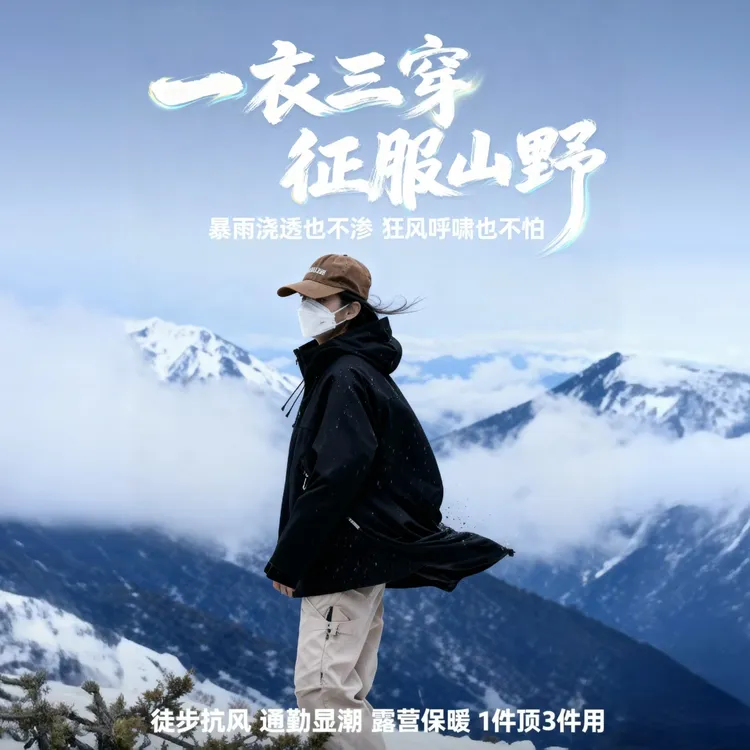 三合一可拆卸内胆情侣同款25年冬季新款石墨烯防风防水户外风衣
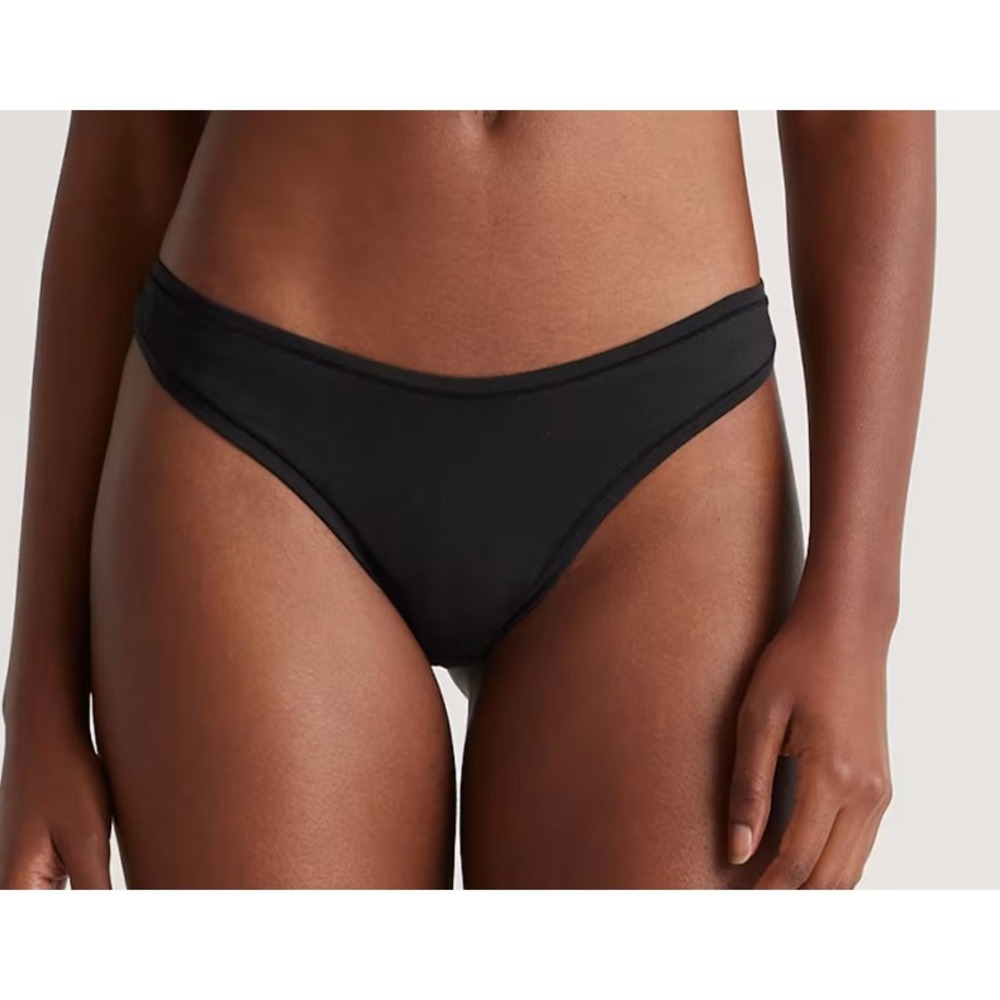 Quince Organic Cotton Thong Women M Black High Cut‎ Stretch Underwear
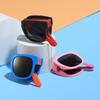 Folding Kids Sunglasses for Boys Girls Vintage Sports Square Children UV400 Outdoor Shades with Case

——————————

▶ _Your instructions_
Nothing but the lines from the one containing "Quince Organic Cotton" through the last line of the data should appear in the answer, copied exactly, with pictures excluded.

▶ _Task answer_
 Quince Organic Cotton Thong Women M Black High Cut‎ Stretch Underwear
 Folding Kids Sunglasses for Boys Girls Vintage Sports Square Children UV400 Outdoor Shades with Case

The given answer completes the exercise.